The word hit harder than Harry expected. A wave of emotions surged up inside him—gratitude, panic, and anger. It all tangled together and made it hard to breathe.
"Family?" he repeated, his voice sharper than intended. Bitterness leaked into his words before he could stop it. "You think risking your lives makes us family? That putting yourselves in danger somehow proves something?" He clenched his fists, trying to hold himself together. "It only makes you—" He cut off, the heat in his chest suddenly twisting into something colder, sadder. His voice broke. He ran a shaking hand through his hair, fingers catching in the mess of it. That familiar gesture did nothing to calm him.
He was so tired of being the reason people got hurt.
"Please, Harry," Ginny said. Her voice cracked around his name. "This isn't about winning an argument. We don't want to see you suffer anymore. You don't have to carry this alone. Let us in. Let us help. We're stronger when we're together."
Her words struck something in him—something fragile.
"Stronger together?" He repeated, almost laughing, though there was no humour in it. "And if it doesn't work? What then? What if I drag you all down with me—for nothing?"
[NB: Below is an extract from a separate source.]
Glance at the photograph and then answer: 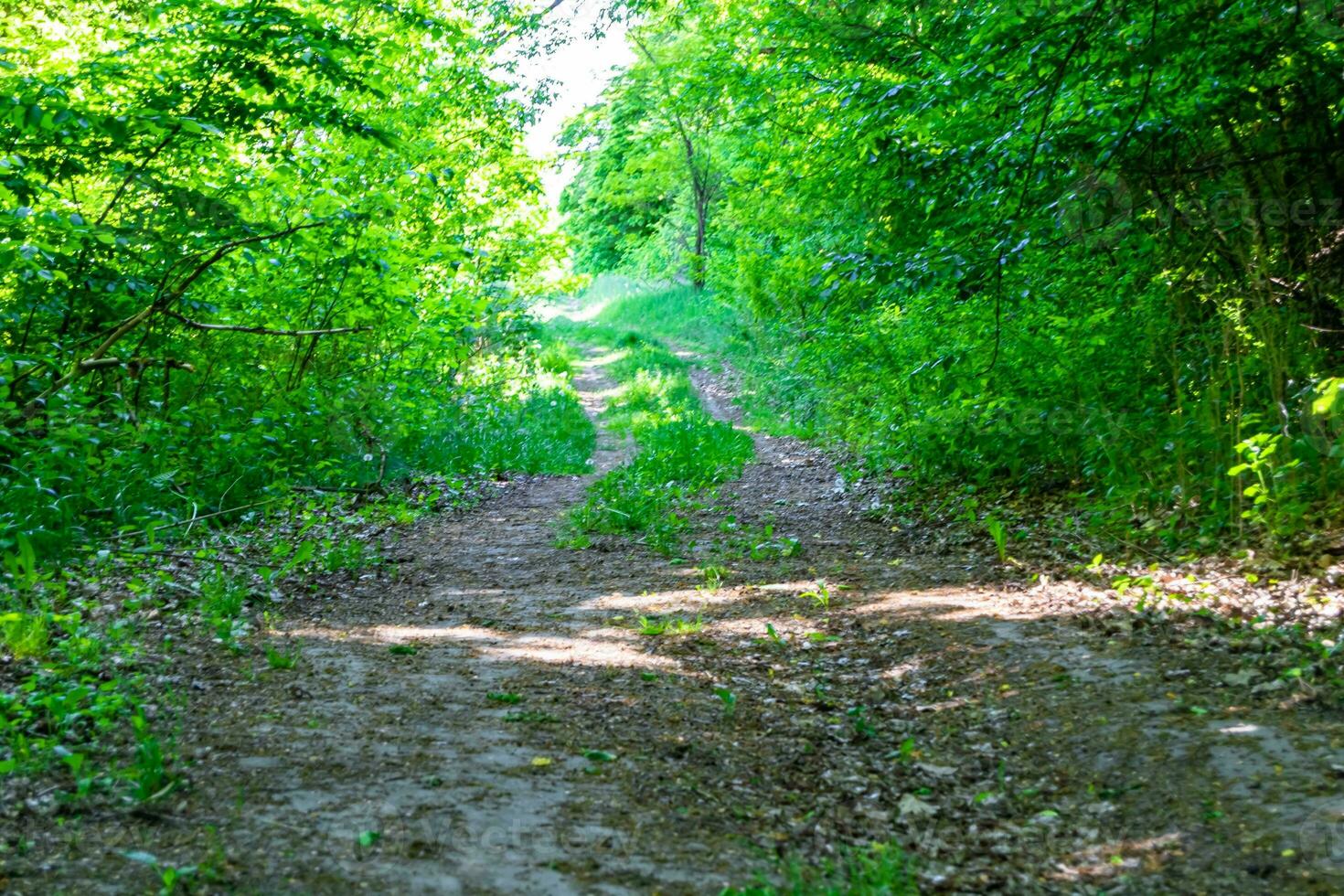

He hated how scared he sounded. Hated that he couldn't stop thinking about losing them—about them losing themselves—just for his sake.
Hermione didn't back down. She stepped forward again, her expression fierce and determined, her eyes burning with that fire she always carried when she believed in something too much to let go.
"And what if it does work?" she said. "What if this is how we finally save you—really save you? You have to trust us, Harry. We're not rushing into this blindly. We're doing it because we love you. That's not weakness—it's strength."
Her words echoed around the small bathroom like spells cast in silence. The sun was setting behind the grimy window, shadows crawling along the tiled walls. Harry's heart pounded so loud it drowned out everything else.
Could he do this?
Could he really let them in—after everything? After losing so many people he'd cared about? Sirius. Dumbledore. Fred. So many names that haunted him.
His stomach twisted.
"What if you lose yourselves?" he whispered. The fear in his voice startled even him. It felt like the realest thing he'd said all day. "What if I pull you into the dark with me, and there's no coming back?"
Ron moved closer, his tone steady. "Then we face it together. We've been through too much—Voldemort, Death Eaters, all of it—and we survived because we had each other. That doesn't stop now. We're in this with you. No matter what."
"Harry," Ginny said, her voice soft as candlelight. "There's always a price. Whether you fight alone or we fight with you. But at least this way, you don't have to face the pain by yourself. We've always been connected, haven't we? Maybe this potion can help you feel that again—help bring you back."
Harry looked at them all—Hermione, Ron, and Ginny. He saw the fear in their eyes, but also the strength. They meant it. Every word.
Hermione knelt beside him, her voice low. "You have to stop carrying this guilt. We've talked about it, and we've made our choice. We're with you."
Ron raised an eyebrow, his mouth curling into a crooked grin. "And besides, mate… what's a life-threatening magical ritual without a little danger?" He yelped as Hermione stomped on his foot, the sound sharp in the quiet room. He laughed, rubbing his ankle. "Alright, alright—bad timing. But seriously, aren't you at least a little glad we're here? You were never going to do this alone. We're your backup whether you like it or not."
And somehow, despite the fear tightening in his chest, Harry felt something start to loosen. Just a little.